▶ _What the task asks_
When you reach the line containing "Steffen Schraut 3/4 Sleeve Shirt - Neutrals", begin reproducing the material exactly, stop after the line containing "CHANSEY POKEPOP ENAMEL PIN", and leave out any pictures along the way.

*** Opening of Data for this task ***

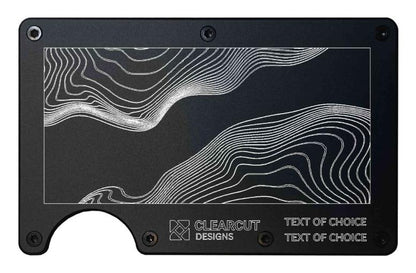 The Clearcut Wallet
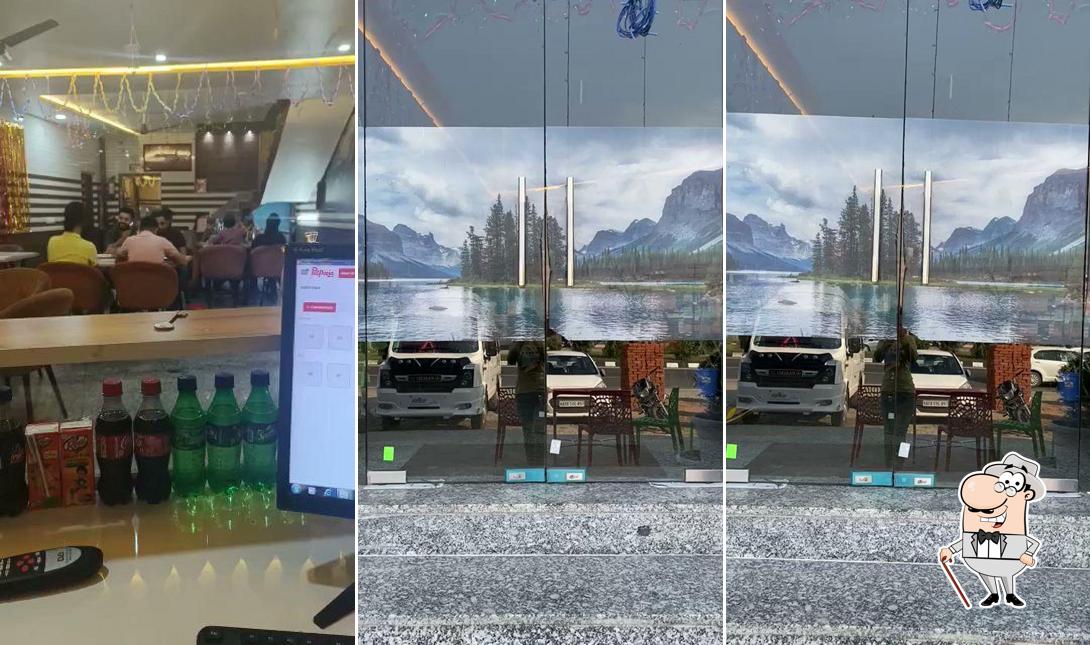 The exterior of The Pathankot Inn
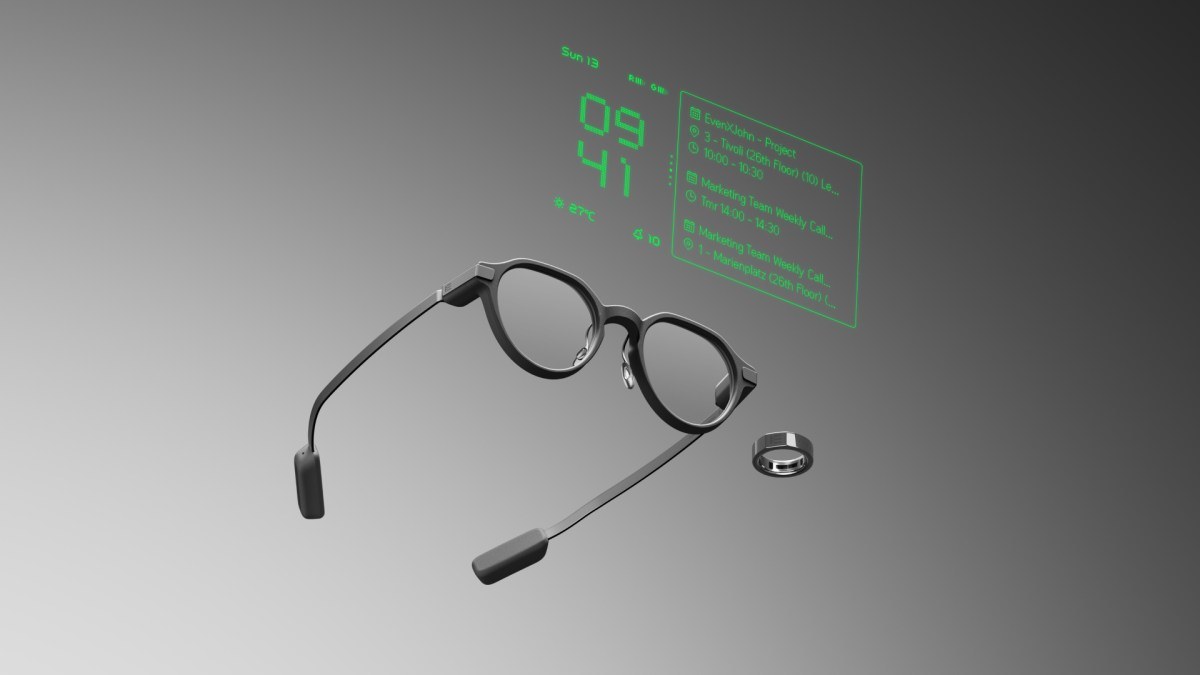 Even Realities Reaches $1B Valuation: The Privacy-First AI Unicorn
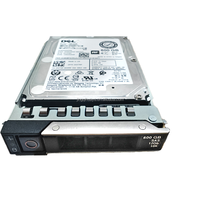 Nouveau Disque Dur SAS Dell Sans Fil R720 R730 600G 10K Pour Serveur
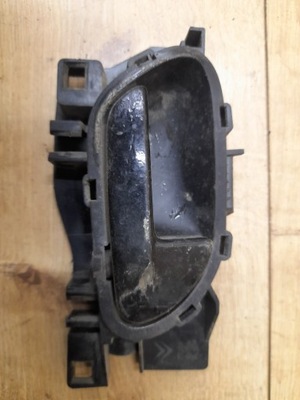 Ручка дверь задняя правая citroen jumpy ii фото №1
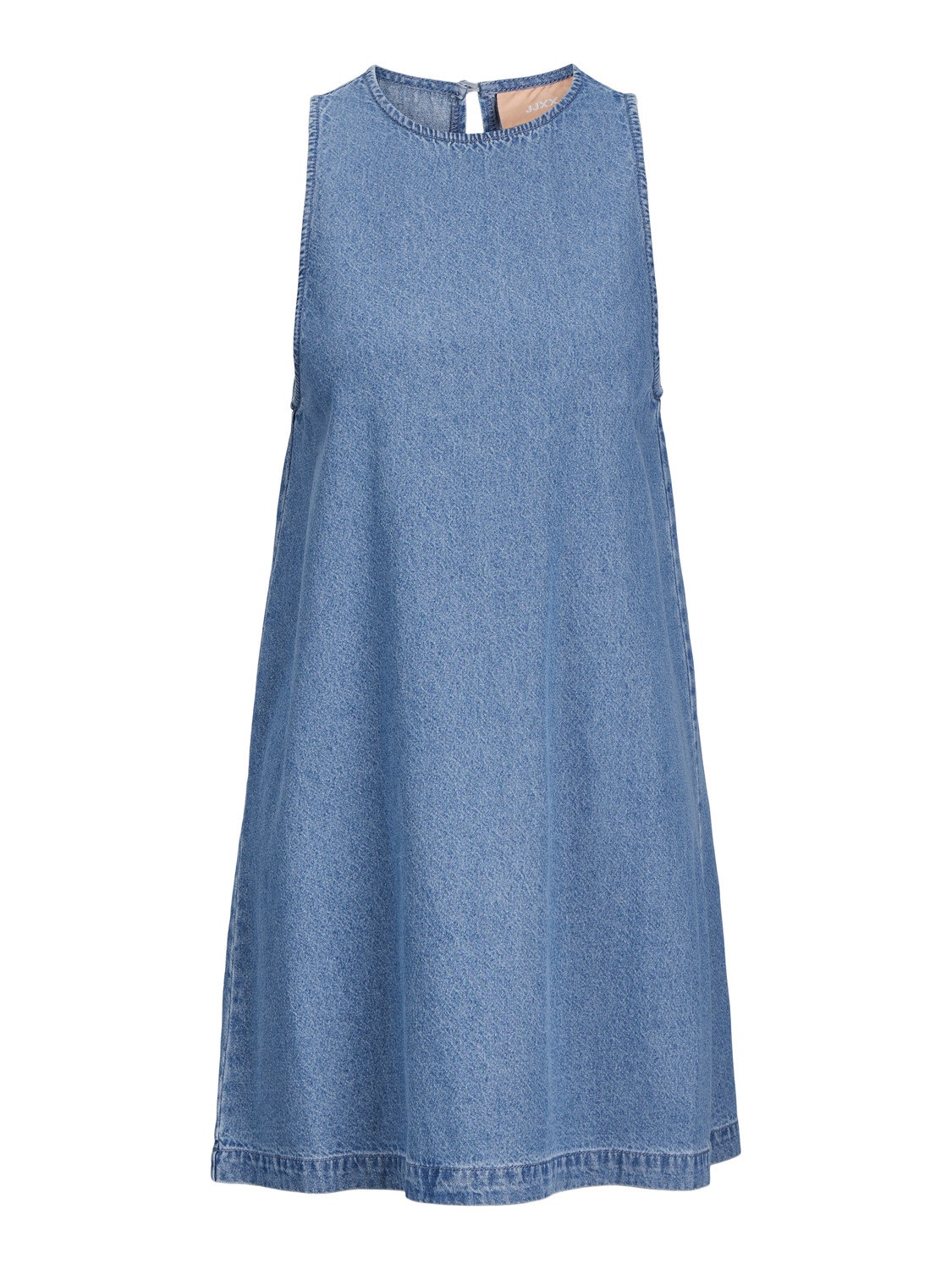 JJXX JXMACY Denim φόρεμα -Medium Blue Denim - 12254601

*** Close of Data for this task ***
*** Opening of Data for this task ***

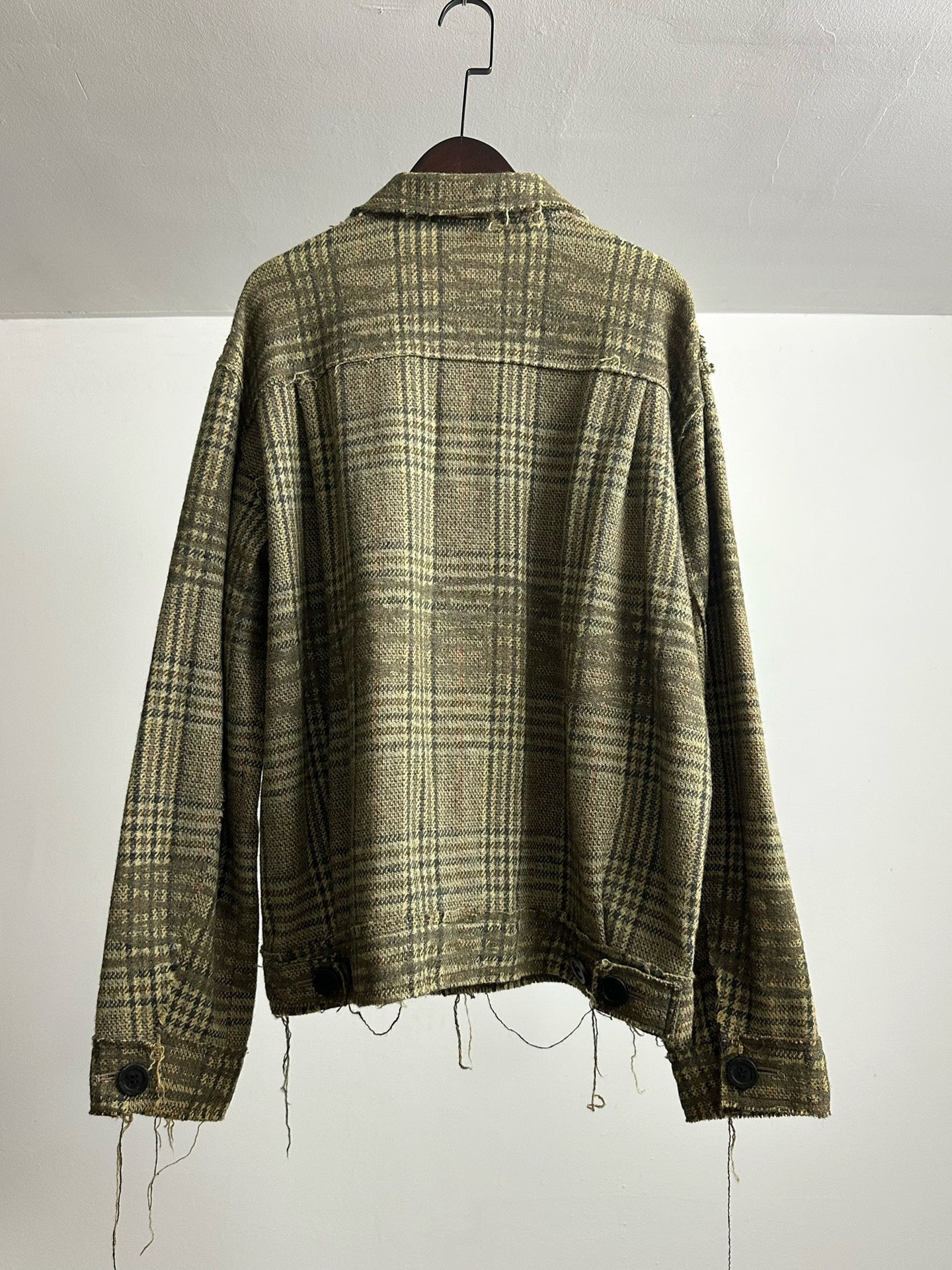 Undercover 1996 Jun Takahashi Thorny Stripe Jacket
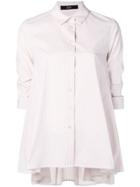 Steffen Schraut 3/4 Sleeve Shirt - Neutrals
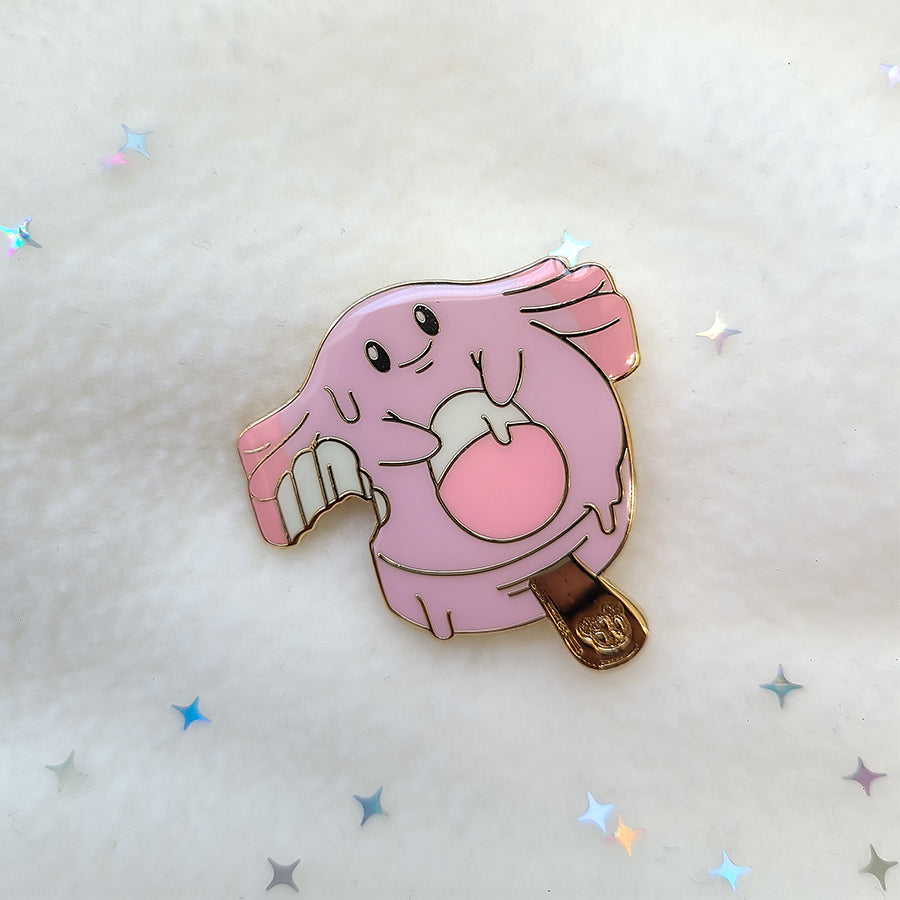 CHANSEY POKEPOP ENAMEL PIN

*** Close of Data for this task ***

▶ _Task response_
 Steffen Schraut 3/4 Sleeve Shirt - Neutrals
 CHANSEY POKEPOP ENAMEL PIN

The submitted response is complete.